Far below Arcturus and Spica, Jupiter glares.
Thursday, May 3
• These spring nights, the long, dim sea serpent Hydra snakes level far across the southern sky. Find his head, a rather dim asterism about the width of your thumb at arm's length, in the southwest. (It's lower right of Regulus by about two fists at arm's length. Also, a line from Castor through Pollux points to it about 2½ fists away.) Lower left of this is Hydra's heart, orange Alphard. Hydra's tail stretches all the way to Libra in the southeast. Hydra's actual star pattern, from forehead to tail-tip, is 95° long.
• Now that the Moon is gone from the sky after dark, try for the Ghost of Jupiter planetary nebula, magnitude 7.7, in mid-Hydra (NGC 3242). At that brightness it's a potential binocular target about as easy or difficult as Neptune; it's so tiny that at low power it's easily mistaken for a star. Use Matt Wedel's Binocular Highlight article and chart in the May Sky & Telescope, page 43.
In a telescope at medium or high power, it does looks sort of like Jupiter's weak ghost dimly haunting the dark.
• Back at the real Jupiter, Europa slips into eclipse by Jupiter's shadow around 11:55 p.m. EDT. A telescope will show Europa gradually disappearing barely off Jupiter's western edge — since the planet is barely 5 days before opposition.
Jupiter's Great Red Spot crosses the planet's central meridian around 10:18 p.m. EDT. This timing is good for the Eastern and Atlantic time zones. Farther west, Jupiter is still low or hasn't risen yet.
Friday, May 4
• Summer is seven weeks away, but the Summer Triangle is beginning to make its appearance in the east, one star after another. The first in view is Vega. It's already shining low in the northeast as twilight fades away.
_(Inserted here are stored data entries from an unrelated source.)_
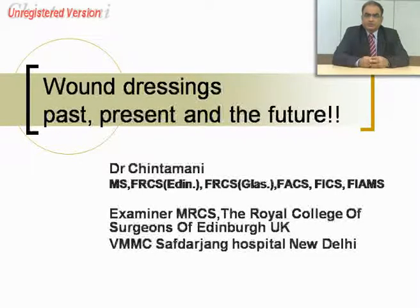Wound dressings have been in use for centuries and for generations, with various kinds of innovative interventions and the newer developments that we have now encountered in the 20th and 21st century.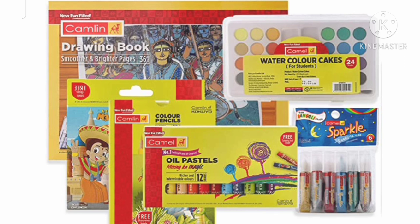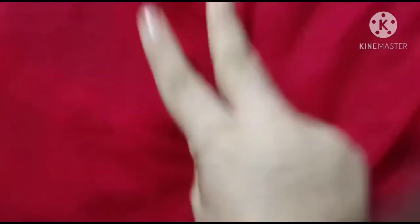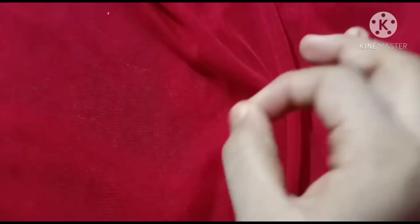This is the second price. The MRP is 210. It is a Camlin painting kit — it is super! I am using it. It is very useful for all kids. For this giveaway, you can join the second winner rules. It is very simple: follow me on Instagram, subscribe to YouTube, subscribe with your friends, and send the proof to my personal Instagram account. You can comment on the video — your name hyphen giveaway.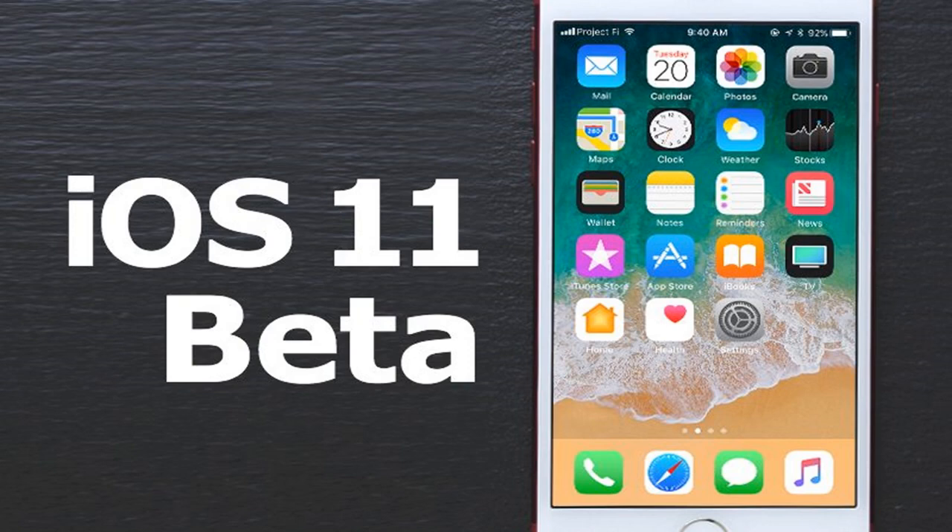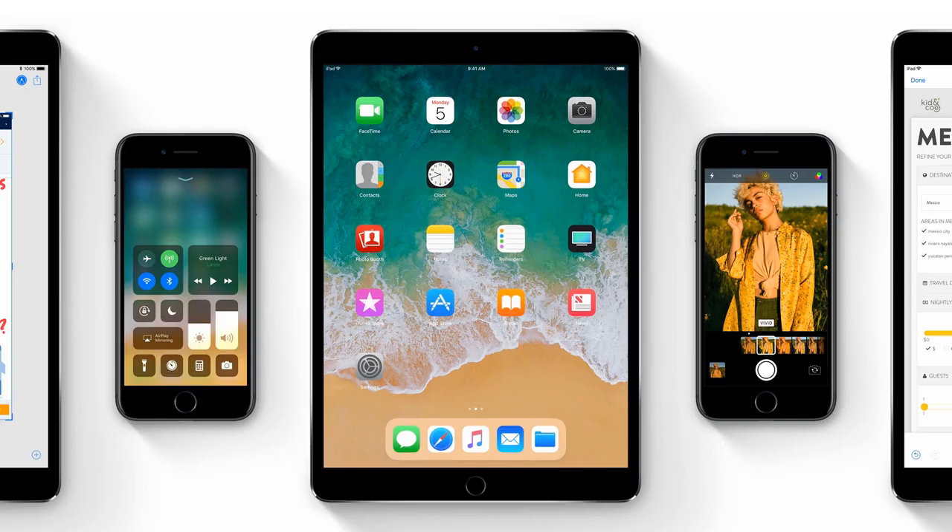Access to the developer beta is available for users who have a developer account, which costs $99 a year, and the next beta installment can be downloaded from Apple's developer website. If you're not a developer, you can enroll in Apple's public beta program and try it out that way.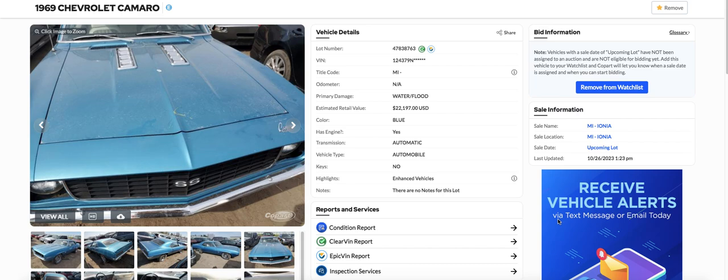Hey everybody. Found another 69 Camaro. This is Jimmy from Jimmy's Rebuilders. Searching the cool part, I found one more Camaro. I think it's the last one for a while. There were just so many Camaros that weren't 69 Camaros at one time.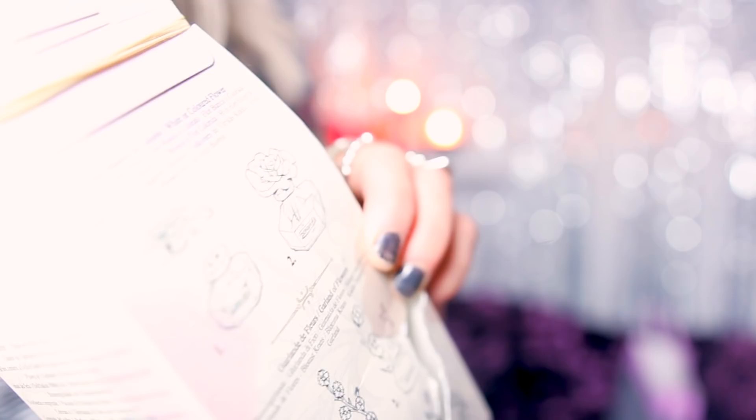We went to Ladurée — I keep calling it Lardy — which is a macaron shop and bakery. Amazing, very expensive, but me and mum thought, you know what, we're in Paris! We bought 15 and shared them. It was so nice — 36 euros for 15 macarons. We got a selection in this really pretty bag and they were so good. We went back to our hotel, had some Prosecco, and were just eating macarons. How fancy can you get? Me and mum were just loving life.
Next up is Deneb, lower left of Vega by two or three fists at arm's length. Deneb takes about an hour to appear after Vega does, depending on your latitude.
The third is Altair, which shows up far to their lower right by midnight.
• As dawn begins on Saturday morning May 5th, the waning gibbous Moon shines between Saturn and Mars. Saturn is to the Moon's right, and Mars to the Moon's lower left.
Saturday, May 5
• Jupiter's Great Red Spot crosses the planet's central meridian around 11:56 p.m. Eastern Daylight Time.
• The Eta Aquariid meteor shower should be active before the first light of dawn Sunday morning. It's usually the best shower of the year for the Southern Hemisphere, but northerners have a poorer view of it. Moreover, the light of the waning gibbous Moon will interfere.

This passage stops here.